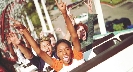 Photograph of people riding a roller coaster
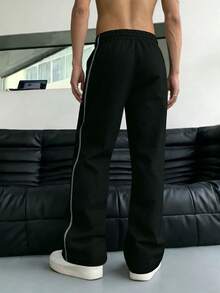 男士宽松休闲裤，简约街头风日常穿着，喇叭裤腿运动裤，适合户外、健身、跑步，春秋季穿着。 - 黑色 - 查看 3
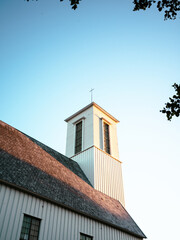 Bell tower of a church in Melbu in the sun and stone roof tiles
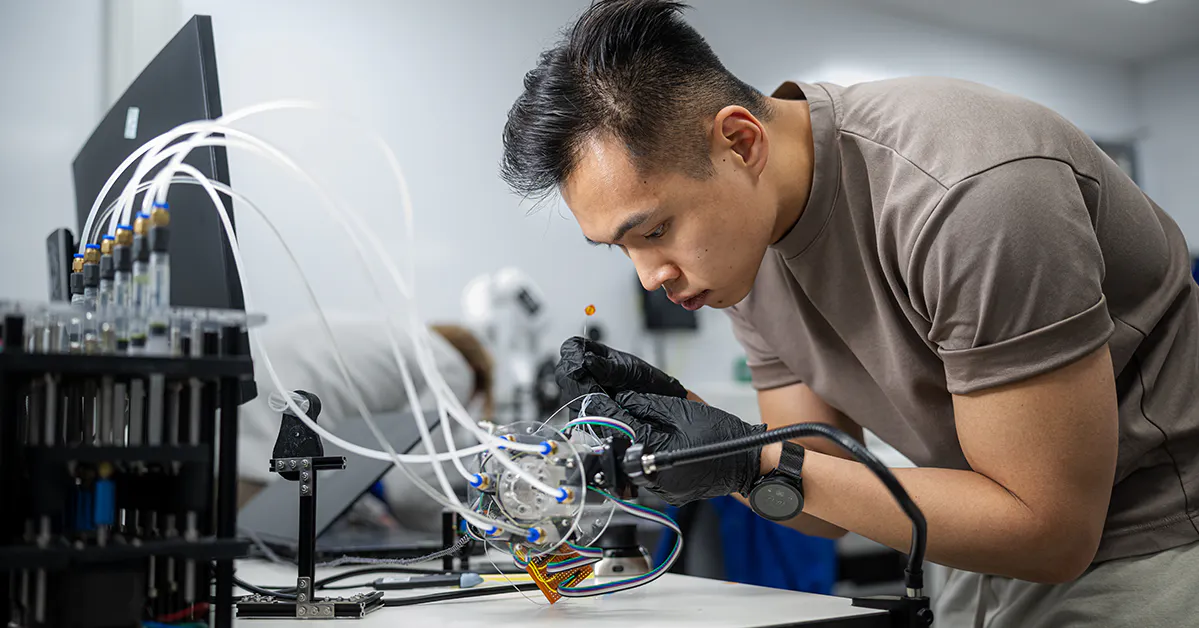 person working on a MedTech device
□ □ □
What the exercise asks: What you output must match the data exactly, apart from the pictures, which are left out.

Response to this exercise:
 Photograph of people riding a roller coaster
 男士宽松休闲裤，简约街头风日常穿着，喇叭裤腿运动裤，适合户外、健身、跑步，春秋季穿着。 - 黑色 - 查看 3
 Bell tower of a church in Melbu in the sun and stone roof tiles
 person working on a MedTech device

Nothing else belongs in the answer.